### Aim of the task
Repeat the full listing below verbatim and keep the images out.

### Data
------------------------------------------------------------
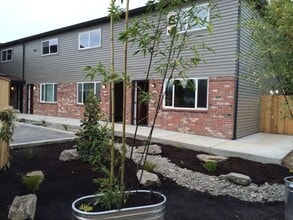 Building Photo - 4113 SE Holgate Blvd
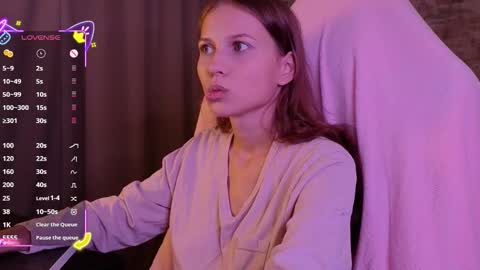 Snapshot of small_emma0 chatting on 10-03-25, 05:43 Emma online show from 10-03-25, 05:43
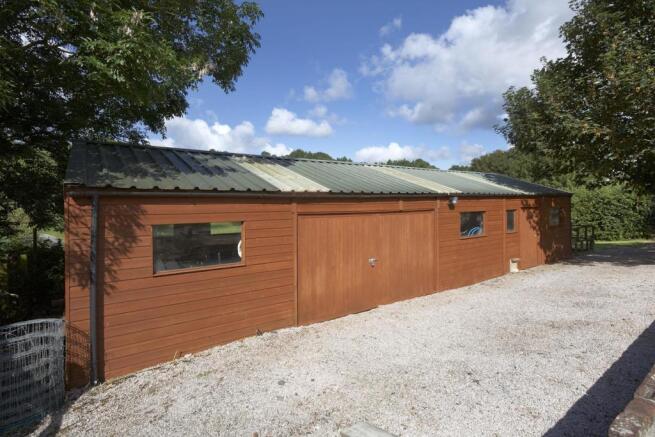 Workshop/Garaging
------------------------------------------------------------
### Response
 Building Photo - 4113 SE Holgate Blvd
 Snapshot of small_emma0 chatting on 10-03-25, 05:43 Emma online show from 10-03-25, 05:43
 Workshop/Garaging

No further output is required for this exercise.